The multiple remote control is a solution to a problem you don't even know you have, and probably don't have at all unless you have either a serious entertainment electronics fetish, or simply too much money. The latter is preferable, because multiple remotes are not cheap.

What Is a Multiple Remote?

First of all, let's be clear on what it's not. It's not one of those cheap and tacky 'all-for-one' type remote controls you can buy when you've lost your actual TV and/or video remote down the back of the sofa. Oh no, those things are strictly for amateurs. The true multiple remote is a marvel of electronic engineering designed to control, from one compact unit, a panoply of home electronics the like of which most people have better things to do than to spend their money on.

Do I Need One?

Go into your lounge. Count the number of remote controls. Now count the number of electronic gadgets you have which can be controlled remotely. If you are very, very lucky, these two numbers will be the same. If the number is four or more, you may be able to find a use for a multiple remote. This is not to say you need one. In truth, nobody needs one. But nobody needs a Porsche, or a designer jacket, or a complete set of signed Douglas Adams first editions. But you have to admit, they'd be jolly nice to have.

So What Does it Do?

The basic multiple remote will simply replace the controllers you previously used for your television, VCR, laserdisc player, DVD player, surround sound amplifier, CD player, radio and anything else you may have lying around your lounge which will accept an infra-red signal. It will do this by 'learning' the signals from the original remote1 and assigning them to buttons on the multiple remote. You will now have full control from one small slab of black plastic, enabling you to multiply by a factor of up to eight the frustration involved in having to find the thing when you lose it.

Is That All?

Picture the scene - you're a busy man or woman, you've come home late and stressed from the office, and you want nothing more than to slump down on the sofa and watch the 'lobby shootout' scene from The Matrix. But a daunting task faces you. First, you must switch on the DVD player2. While that goes through its start-up sequence, you must switch on the amplifier, select 'DVD input' and activate the appropriate surround sound setting for the film you're watching (Dolby 5.1 Enhanced, say) and set the volume level to 'make my ears bleed but leave the windows intact - just'. That done, you must switch on the television, set the screen mode to 'anamorphic wide' and the light level to 'night', and reduce the volume to zero. Once you've done all that, the words 'welcome... to the real world' should be blasting out of the speakers as the disc starts up. It's now time to press 'up' three times to go to scene selection, followed by 'enter'. Then up, and right four times, then enter, up, down, right, and enter again. Now, if you've any sense of hearing or indeed any sense at all, cover your ears, because it's about to start, finally, after a grand total of 23 separate button presses on three different remote controls.

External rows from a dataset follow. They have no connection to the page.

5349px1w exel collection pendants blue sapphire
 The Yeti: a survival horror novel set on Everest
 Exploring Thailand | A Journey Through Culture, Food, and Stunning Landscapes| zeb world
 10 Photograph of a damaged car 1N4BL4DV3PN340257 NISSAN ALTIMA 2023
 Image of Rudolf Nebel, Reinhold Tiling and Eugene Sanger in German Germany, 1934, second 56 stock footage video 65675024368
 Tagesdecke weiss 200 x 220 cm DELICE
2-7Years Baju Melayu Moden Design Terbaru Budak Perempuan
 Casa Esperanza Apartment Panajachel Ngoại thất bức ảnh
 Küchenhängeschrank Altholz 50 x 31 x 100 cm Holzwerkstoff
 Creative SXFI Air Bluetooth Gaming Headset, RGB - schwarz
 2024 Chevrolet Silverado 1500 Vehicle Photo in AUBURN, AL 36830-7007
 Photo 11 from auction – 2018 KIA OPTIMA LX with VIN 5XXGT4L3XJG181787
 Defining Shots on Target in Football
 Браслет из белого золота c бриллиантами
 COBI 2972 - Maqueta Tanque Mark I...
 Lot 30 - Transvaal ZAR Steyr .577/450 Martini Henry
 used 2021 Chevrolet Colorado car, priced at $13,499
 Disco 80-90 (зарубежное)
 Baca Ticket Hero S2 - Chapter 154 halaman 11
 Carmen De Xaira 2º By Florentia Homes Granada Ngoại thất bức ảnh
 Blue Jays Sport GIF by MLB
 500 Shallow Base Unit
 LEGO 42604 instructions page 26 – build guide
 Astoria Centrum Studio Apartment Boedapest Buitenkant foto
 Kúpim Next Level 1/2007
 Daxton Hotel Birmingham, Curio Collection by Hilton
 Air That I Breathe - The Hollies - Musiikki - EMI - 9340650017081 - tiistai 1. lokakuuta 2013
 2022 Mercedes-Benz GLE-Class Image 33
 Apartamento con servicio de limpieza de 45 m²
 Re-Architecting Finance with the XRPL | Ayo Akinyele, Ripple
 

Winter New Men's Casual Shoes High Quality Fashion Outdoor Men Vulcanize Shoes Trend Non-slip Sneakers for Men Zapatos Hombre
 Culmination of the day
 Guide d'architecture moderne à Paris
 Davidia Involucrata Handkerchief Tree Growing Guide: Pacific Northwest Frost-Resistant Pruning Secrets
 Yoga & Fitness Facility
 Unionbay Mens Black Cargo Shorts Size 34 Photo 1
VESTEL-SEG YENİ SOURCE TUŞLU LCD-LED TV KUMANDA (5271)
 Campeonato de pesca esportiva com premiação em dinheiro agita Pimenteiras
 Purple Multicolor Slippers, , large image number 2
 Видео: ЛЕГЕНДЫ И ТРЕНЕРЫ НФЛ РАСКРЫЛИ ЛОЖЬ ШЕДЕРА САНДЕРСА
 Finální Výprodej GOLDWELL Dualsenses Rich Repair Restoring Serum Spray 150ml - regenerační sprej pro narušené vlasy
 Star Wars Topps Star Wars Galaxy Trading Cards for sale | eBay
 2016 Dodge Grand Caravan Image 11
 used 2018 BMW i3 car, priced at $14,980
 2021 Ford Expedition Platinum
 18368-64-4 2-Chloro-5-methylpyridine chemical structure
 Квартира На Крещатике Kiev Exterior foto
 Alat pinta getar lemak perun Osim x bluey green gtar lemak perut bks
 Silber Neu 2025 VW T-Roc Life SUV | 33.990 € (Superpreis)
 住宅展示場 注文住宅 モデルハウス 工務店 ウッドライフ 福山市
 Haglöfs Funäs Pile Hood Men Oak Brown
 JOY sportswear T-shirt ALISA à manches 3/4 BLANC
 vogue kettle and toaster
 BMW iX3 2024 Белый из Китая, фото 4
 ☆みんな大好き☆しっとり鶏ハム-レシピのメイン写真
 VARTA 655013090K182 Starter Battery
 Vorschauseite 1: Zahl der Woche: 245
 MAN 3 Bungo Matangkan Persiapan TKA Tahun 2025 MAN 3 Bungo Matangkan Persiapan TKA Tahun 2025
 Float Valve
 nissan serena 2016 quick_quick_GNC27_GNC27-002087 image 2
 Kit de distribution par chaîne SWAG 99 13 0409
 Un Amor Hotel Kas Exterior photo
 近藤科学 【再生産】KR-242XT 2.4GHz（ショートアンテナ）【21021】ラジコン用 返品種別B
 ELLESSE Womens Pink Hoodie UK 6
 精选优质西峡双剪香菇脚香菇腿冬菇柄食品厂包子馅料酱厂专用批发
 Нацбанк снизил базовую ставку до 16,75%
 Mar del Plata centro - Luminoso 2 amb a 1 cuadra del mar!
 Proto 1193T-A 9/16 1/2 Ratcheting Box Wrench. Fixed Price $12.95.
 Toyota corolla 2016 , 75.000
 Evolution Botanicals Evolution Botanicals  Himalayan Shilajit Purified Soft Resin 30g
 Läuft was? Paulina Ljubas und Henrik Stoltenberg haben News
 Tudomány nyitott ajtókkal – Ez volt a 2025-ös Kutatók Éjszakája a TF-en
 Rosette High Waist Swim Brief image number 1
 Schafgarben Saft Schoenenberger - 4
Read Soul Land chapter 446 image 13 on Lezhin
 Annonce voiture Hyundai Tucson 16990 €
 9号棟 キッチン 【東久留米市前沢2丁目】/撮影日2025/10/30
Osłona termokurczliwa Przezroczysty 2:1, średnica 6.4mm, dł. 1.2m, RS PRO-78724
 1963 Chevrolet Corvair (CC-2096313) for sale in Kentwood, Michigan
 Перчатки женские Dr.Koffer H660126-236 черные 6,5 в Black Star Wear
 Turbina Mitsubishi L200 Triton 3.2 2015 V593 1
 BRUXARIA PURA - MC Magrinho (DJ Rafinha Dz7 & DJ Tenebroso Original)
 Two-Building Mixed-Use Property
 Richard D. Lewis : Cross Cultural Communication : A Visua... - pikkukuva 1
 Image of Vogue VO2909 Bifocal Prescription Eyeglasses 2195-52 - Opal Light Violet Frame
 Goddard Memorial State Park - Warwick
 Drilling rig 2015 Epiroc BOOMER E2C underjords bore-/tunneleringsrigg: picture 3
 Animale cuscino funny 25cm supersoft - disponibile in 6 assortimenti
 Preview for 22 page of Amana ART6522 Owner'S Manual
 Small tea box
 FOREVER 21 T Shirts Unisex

Obviously, a busy person like yourself can't waste energy going through a rigmarole like that. Which is where the 'macro' facilities on the cleverer (ie, more expensive) remotes come in. Picture the scene again - you slump down, but this time, instead of playing like Rick Wakeman on your various disparate slabs of plastic, you tap a single key on a far more tasteful device and sit back. A pre-recorded set of commands is issued from the remote, complete with timing gaps to take account of things like start-up times for DVD players, thus leaving you free to get on with the important task of relaxing in anticipation of three minutes of firearms porn3.

Conclusion

The multiple remote is an excellent toy for people who like toys to be black, or shiny, or both, to light up, and to do wacky things they do perfectly well themselves for a fraction of the cost. As such, they are an almost completely pointless waste of money. This Researcher loves his.

1If you've lost the original remote - go to the back of the class!2We're assuming at this point that you keep The Matrix permanently in your DVD player in case someone comes round and you need to impress them and/or make them go deaf. Doesn't everybody?3Gore Vidal said, Pornography is anything you fast-forward through to get to the good bit.